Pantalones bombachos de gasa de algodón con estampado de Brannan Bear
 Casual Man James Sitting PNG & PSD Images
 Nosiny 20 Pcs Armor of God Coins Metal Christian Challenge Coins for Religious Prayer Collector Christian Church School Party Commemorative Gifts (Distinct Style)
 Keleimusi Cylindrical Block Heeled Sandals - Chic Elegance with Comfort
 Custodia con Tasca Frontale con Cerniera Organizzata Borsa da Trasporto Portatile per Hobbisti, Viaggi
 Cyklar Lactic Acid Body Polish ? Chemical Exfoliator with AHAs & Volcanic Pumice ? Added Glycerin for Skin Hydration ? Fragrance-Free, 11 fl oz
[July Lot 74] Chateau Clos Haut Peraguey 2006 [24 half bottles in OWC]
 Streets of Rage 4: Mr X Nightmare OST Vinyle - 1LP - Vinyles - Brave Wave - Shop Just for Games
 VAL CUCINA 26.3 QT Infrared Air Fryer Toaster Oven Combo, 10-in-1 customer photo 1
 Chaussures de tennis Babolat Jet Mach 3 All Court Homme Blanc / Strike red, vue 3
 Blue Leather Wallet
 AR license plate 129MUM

════════════════════

### EXERCISE
The answer must consist of every line above that holds the string "with", copied exactly.

### RESPONSE TO THE TASK
 Keleimusi Cylindrical Block Heeled Sandals - Chic Elegance with Comfort
 Cyklar Lactic Acid Body Polish ? Chemical Exfoliator with AHAs & Volcanic Pumice ? Added Glycerin for Skin Hydration ? Fragrance-Free, 11 fl oz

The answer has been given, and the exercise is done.